Australasian Universities Power Engineering Conference, AUPEC 2014, Curtin University, Perth, Australia, 28 September – 1 October 2014

1

Improved Sensorless EKF-based Direct Torque Control at Low Speed with Constant Switching Frequency Controller I.M. Alsofyani*, N.R.N. Idris** UTM-PROTON Future Drive Laboratory, Power Electronics and Drives Research Group Faculty of Electrical Engineering, Universiti Teknologi Malaysia 81310Skudai, Johor, Malaysia *[email protected], **[email protected] Abstract—A sensorless extended Kalman filter (EKF) based direct torque control (DTC) with a constant switching frequency control (CSFC) of induction motor is proposed in this research work. By replacing the conventional 3-level hysteresis controller with a CSFC, the weakening of the stator flux at low speed is avoided and the flux regulation is improved; consequently the estimated speed at low speed is also improved. In this paper, the performance comparison between the conventional hysteresis comparator-based DTC drive (DTC-Hys) and a CSFC-based DTC (DTC-CSFC) is performed experimentally. It is shown that significant improvement in the estimated speed and drive performance at low speed is achieved with the DTC-CSFC. Index Terms—AC motor drives; direct torque control; EKF; speed sensorless.

I.

INTRODUCTION

Direct Torque Control (DTC) of induction motor (IM) was introduced in the middle of 1980’s [1] and has gained popularity in advanced industrial applications due to its simple structure, quick dynamic response, and robustness against rotor parameters variations. Additionally, unlike field oriented control (FOC), DTC does not need the complex field orientation block, speed encoder, and current regulator. DTC drives are inherently sensorless; the speed is only needed when speed control is required, which is common in most applications. Installing mechanical speed sensors, as we all know, increases cost, reduces the drive robustness and in some applications is not possible at all. Due to these reasons, continuous researches on the speed estimations of induction motor drives have emerged over the last three decades. In general, the various methods of speed estimation are based either on the fundamental model of the machines or on the anisotropic property of the machines [2]. The former uses the fundamental equations of the machines in developing the speed estimation algorithms. The problem with these estimation techniques is at low speed when the magnitude and frequency of the induced rotor voltages and currents become small. At zero stator frequency, when the induced rotor voltage ceases to exist, the estimation completely fails. To solve this problem, estimation based on the anisotropic property of the machines is employed [2]-[5]. However, most of these techniques require signal injections and hence additional hardware and also increased computational burden.
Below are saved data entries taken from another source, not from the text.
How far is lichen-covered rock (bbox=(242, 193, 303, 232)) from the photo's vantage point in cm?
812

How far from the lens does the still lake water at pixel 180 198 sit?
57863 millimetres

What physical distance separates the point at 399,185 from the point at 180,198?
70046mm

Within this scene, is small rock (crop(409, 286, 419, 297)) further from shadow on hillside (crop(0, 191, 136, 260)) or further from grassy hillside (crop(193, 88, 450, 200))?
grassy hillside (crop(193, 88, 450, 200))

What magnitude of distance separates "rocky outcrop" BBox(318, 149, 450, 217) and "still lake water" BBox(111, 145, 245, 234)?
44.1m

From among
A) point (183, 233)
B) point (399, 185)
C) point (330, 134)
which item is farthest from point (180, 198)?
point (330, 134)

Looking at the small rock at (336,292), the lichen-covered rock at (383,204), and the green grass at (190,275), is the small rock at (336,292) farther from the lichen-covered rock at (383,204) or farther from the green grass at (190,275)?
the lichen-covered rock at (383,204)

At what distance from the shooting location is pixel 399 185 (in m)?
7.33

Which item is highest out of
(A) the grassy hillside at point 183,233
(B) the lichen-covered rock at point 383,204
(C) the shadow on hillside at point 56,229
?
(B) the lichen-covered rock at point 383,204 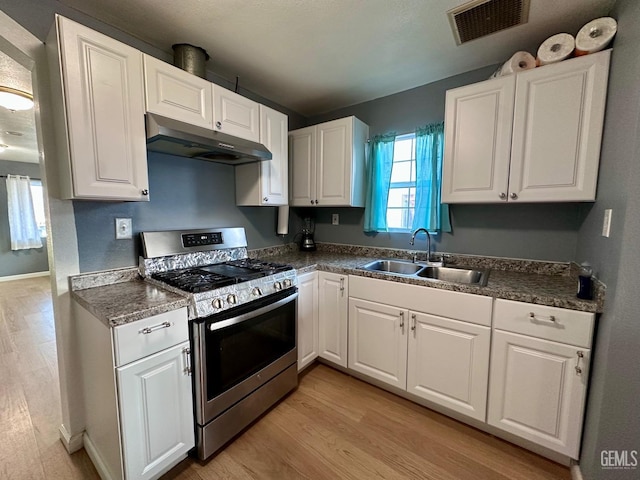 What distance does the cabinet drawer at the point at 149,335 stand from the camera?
1076 millimetres

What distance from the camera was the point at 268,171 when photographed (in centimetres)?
218

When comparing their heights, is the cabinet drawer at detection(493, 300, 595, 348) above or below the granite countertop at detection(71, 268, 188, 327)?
below

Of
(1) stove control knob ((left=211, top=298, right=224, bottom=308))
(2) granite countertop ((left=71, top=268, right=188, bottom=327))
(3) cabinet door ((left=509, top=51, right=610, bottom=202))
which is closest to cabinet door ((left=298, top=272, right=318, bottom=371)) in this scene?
(1) stove control knob ((left=211, top=298, right=224, bottom=308))

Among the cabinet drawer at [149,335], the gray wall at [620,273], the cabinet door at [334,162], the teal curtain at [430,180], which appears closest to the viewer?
the gray wall at [620,273]

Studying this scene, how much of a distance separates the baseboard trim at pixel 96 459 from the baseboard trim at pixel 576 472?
7.35 ft

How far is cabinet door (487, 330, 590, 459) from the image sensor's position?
129 cm

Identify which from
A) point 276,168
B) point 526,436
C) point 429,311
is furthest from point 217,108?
point 526,436

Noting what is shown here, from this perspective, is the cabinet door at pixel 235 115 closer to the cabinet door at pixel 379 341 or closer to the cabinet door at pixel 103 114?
the cabinet door at pixel 103 114

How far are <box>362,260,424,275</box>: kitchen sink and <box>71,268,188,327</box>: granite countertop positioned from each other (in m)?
1.40

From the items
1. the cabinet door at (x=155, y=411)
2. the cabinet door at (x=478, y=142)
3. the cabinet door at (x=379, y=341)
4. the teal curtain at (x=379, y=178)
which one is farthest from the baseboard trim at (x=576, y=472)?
the cabinet door at (x=155, y=411)

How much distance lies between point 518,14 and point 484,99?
1.36 feet

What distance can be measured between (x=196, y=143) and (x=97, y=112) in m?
0.44

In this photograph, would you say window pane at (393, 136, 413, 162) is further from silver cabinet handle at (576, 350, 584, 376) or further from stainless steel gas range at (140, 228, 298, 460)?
silver cabinet handle at (576, 350, 584, 376)

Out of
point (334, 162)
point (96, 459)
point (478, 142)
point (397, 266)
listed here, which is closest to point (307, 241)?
point (334, 162) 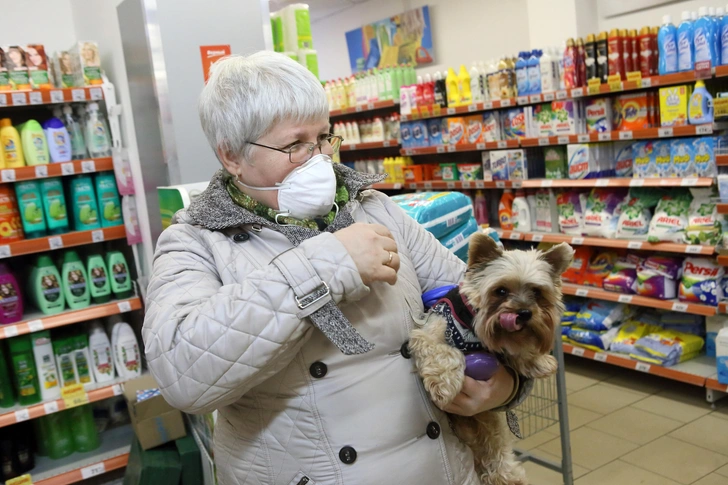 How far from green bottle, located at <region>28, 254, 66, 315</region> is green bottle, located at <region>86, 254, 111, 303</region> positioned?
16 cm

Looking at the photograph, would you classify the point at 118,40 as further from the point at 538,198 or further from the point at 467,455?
the point at 538,198

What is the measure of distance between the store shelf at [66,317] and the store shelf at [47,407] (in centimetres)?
39

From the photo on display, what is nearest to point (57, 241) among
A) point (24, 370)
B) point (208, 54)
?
point (24, 370)

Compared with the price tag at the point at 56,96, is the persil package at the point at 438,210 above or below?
below

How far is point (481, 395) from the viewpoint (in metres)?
1.46

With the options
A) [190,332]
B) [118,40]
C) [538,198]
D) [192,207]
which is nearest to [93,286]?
[118,40]

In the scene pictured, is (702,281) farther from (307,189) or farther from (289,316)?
(289,316)

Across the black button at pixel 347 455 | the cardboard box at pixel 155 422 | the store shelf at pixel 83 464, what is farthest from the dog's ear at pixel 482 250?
the store shelf at pixel 83 464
Among these estimation methods EKF, which is based on stochastic approach, is highly suitable for speed estimation of IM drives whereby parameters uncertainties and presence of noise in signal acquisitions are unavoidable [5][11]. In this paper, an EKF-based speed estimation DTC of IM drive system is presented. The simple structure of the look-up table based DTC drive is retained [1], however, instead of the conventional hysteresis based torque comparator, a constant switching frequency controller (CSFC), which is introduced in [6], is used. Other than reducing the torque ripple and maintaining a constant switching frequency [6], the main contribution of the CSFC in the speed estimation is to overcome the problem of stator flux droop [7]-[9], which normally occurs at low speed. With the improved stator flux at low speed, the estimation of speed at low and zero speed is significantly improved. In this work, a comparison of the performance between speed sensorless of hysteresis based DTC (DTC-Hys) and the proposed CSFC based DTC (DTC-CSFC) drives at low speed operation obtained from experimental results is presented. The results indicated that the improvement in the performance of the DTC-CSFC compared to the DTC-Hys, both with EKF-based speed estimators. The rest of the paper is organized as follows. In section II of this paper, the improvement in the stator flux using the CSFC is discussed. The basic principle EKF-based speed estimator is described in section III. Section IV presents implementation and experimental results. Finally, conclusion is given in Section V. II.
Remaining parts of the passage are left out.